Diablo 4's world boss is a nightmare I couldn't wait to walk away from

 Diablo 4 screenshot
Diablo 4 screenshot

I did not beat the Diablo 4 world boss. My playtime of the beta may have teetered into intervention territory, but Ashava The Pestilent proved too much of a challenge – one of those nightmares that you just can't seem to shake. Truth be told, as much as I enjoyed the Diablo 4 beta, this limited-time event was one of the only things I didn't entirely love. The composition of the conflict too chaotic to feel as if I were having any impact against its five-tiered health bar.

That's a problem in a game like Diablo 4, where a quickening progression of power shifts the experience from mundane to magical in a matter of hours. I've never seen Diablo as a game about gradually rising to meet challenges, but rather an experience focused around scaling equipment and fine-tuning skills to be the most efficient demon hunter possible. Whether you're traveling alone or partying up with other guardians of the light in the Diablo 4 open beta, extinguishing the hordes of evil flooding forth from Sanctuary's darkest corners is proving to be a very good time indeed.

And then there's the Ashava of it all. The world boss concept is new to Diablo 4, which sees one of the Burning Hells' most heinous creations spawn within the shared-world, requiring multiple players to work in concert to conquer it. Blizzard has experience in this area; world bosses found their way into World of Warcraft expansions like Wrath of the Lich King and Mists of Pandaria, which would spawn raid-strength bosses in phased versions of the overworld. They were always exciting challenges; rewarding battles without the messy-interpersonal drama that came hand-in-hand with trying to get a 25-player raiding party through an instance without major wah-wahs.

Diablo 4 screenshot
Diablo 4 screenshot


PSA: The Diablo 4 open beta will ruin your weekend if you aren't careful

I think part of the problem with the way Diablo 4 presents its world boss in the open beta concerns how Blizzard groups players together. Ashava may crawl out of a hellish maw at level 25, swinging her two massive forearm blades, but there's nothing to stop a group of underleveled players assembling around it – making it functionally impossible to beat in the 15-minute timeframe allotted. I know this from experience, as the first time I faced the whirlwind of pestilence I was also severely unprepared to survive its attacks.

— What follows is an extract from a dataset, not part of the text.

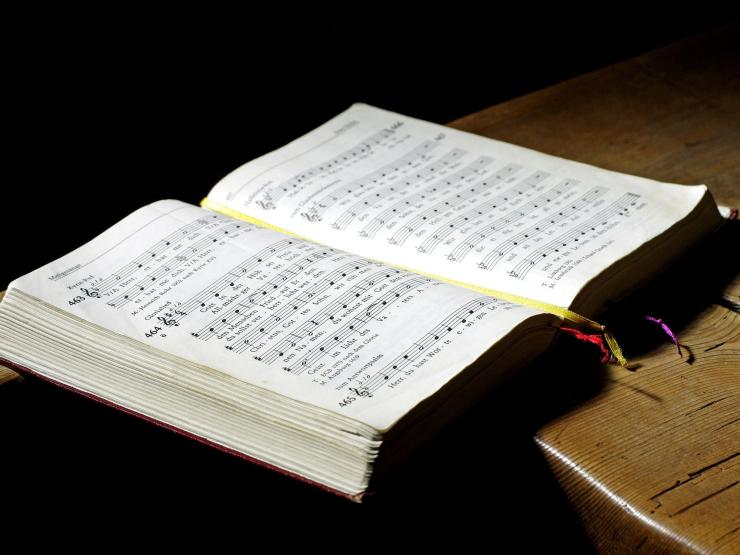 Hymn book choir Pixabay.jpg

Speaking to GamesRadar+, game director Joe Shely divulges how Diablo 4 handles its world boss groupings. "You can have around eight to 12 people together, fighting the same world boss. And when more people show up, we create another version of the world boss for them to fight. And because it's the service putting players together you're very unlikely to show up and be the only person there, because it actively brings people in to fight the big boss." It's the decision to not group players of an appropriate level-banding that may be an issue moving forward.

Fight to survive

Diablo 4 screenshot
Diablo 4 screenshot

How to fight Ashava

Want to fight Ashava? Then check the Diablo 4 open beta world boss times before it's too late.

But back to the battle itself. Each swing of Ashava's poisonous blades a one-shot kill, and each of my respawns further reducing my effectiveness. It didn't take long for my armor and weapons to become broken, making my Sorcerer less of a glass cannon and more of a general hinderance; at one point I opened a portal back to town to repair my gear at the blacksmith and ran back through it a minute later to return to the fray, but in doing so I had inadvertently removed myself from the instanced battle entirely. It was over, and I can only hope for the sake of my raiding party that I was replaced by someone of an appropriate level for the challenge. There's big loot at the end of that battle, apparently.

I have returned to Ashava at the required level, and what I discovered wasn't all that compelling either. The battle itself, that is, because the presentation is awesome. The camera pulls out, revealing a wider playspace than you're typically afforded in dungeons; it's admittedly fun to see how other players made use of the Diablo 4 character creator tools as they all lineup for the fight in the minutes beforehand, firing off emotes and party invites, or laying down impressive-looking attacks to demonstrate skill tree specializations. But once the battle began, it still felt as if I were throwing spells against a brick wall, rather than slowly chipping away at a towering foe – feedback is minimal, and the world boss lacks the movement or ferocity of better implemented insurmountable threats, like the Butcher, a returning Diablo boss who now appears as a random spawn to ruin side-missions in the best way imaginable.

The side-swipes were still deadly to my Sorcerer, and melee characters didn't appear to be having all that much better of a time – dodging slabs of poison isn't easy, particularly as Blizzard has made a somewhat controversial decision to walk back the Diablo 3 infinite dodge-roll in favor of a cooldown evade. Perhaps the world bosses will feel better in Diablo 4 proper, when the player base is whipping through levels unimpeded rather than rushing to access Ashava before they are equipped to do so. But right now, the Diablo 4 world boss made me feel powerless, which is a bad place to be in a video game which tasks you with rending demon lords from hell.

Diablo 4 is one of the most anticipated new games for 2023, and it's set to launch on June 6 for PC, PS5, PS4, Xbox Series X, and Xbox One.